L’Afrique a énormément de ressources naturelles pour développer des grands projets d’énergies renouvelables. Dans la zone équatoriale, plusieurs fleuves à gros débit peuvent être aménagés pour produire de l’électricité. Dans les déserts du Sahara ou du Kalahari, des centrales photovoltaïques pourraient être installées sur des milliers d’hectares.. La géothermie dans la zone du rift africain et le vent en mer ou dans les zones littorales peuvent fournir de grandes quantités d’énergie.
L’Afrique n’a pas assez d’ingénieurs pour élaborer ces grands projets qui lui permettraient de se passer du charbon et du pétrole.

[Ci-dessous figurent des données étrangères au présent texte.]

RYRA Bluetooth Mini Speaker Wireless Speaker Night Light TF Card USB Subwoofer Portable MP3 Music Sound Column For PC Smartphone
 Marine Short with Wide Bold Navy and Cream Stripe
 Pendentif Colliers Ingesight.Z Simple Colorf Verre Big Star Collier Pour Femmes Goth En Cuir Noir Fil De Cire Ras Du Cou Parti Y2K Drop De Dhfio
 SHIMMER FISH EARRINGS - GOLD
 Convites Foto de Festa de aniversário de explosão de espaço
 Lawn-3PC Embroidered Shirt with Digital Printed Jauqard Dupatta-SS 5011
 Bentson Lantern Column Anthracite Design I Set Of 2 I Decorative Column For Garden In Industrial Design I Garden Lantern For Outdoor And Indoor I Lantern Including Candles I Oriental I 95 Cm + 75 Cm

Les capacités d’ingénierie pour ces projets existent en Europe et en Chine. Le plus grand service que l’Europe et la Chine pourrait rendre ensemble à l’Afrique serait de proposer à l’Union Africaine de créer et de financer ensemble des missions d’ingénieurs africains, européens et chinois pour étudier les mégaprojets d’énergies renouvelables les plus intéressants d’Afrique. Au bout de deux ans, ces équipes pourraient certainement proposer aux financeurs une dizaine de projets qui auraient un impact régional sur l’approvisionnement en énergie, tout en donnant à l’Afrique une image plus moderne. Parallèlement, la Chine et l’Europe pourraient accueillir des centaines, voire des milliers d’ingénieurs africains pour les former aux techniques de l’énergie nucléaire.
A titre d’exemple, le complexe de barrages du Grand Inga sur le Congo (qui a un débit moyen de 41 000 m3/s) pourrait fournir une puissance de 42 000 MW, soit la puissance de 25 EPR ou près de deux fois la puissance de la plus grande centrale électrique du monde, celle du barrage des trois gorges en Chine,. Avec ce projet, la République démocratique du Congo pourrait non seulement répondre à ses besoins et à une partie des besoins de pays voisins, mais devenir un grand producteur et exportateur d’hydrogène vert.
Cette coopération avec la Chine en Afrique permettrait aussi à l’Europe de montrer qu’elle ne souhaite pas s’impliquer unilatéralement dans la rivalité entre les États-Unis et la Chine. Elle rassurerait les africains, en évitant les accusations de néocolonialisme. Elle permettrait aux grandes entreprises européennes et chinoises d’être bien placées pour réaliser ensuite les travaux sur le terrain.
L’accès à l’électricité est un facteur essentiel de développement. Le financement conjoint de missions d’ingénierie européenne et chinoise serait un moyen très efficace de contribuer au développement de l’Afrique tout en servant les intérêts du monde entier en diminuant l’utilisation des énergies fossiles en Afrique. Tout le monde y gagnerait.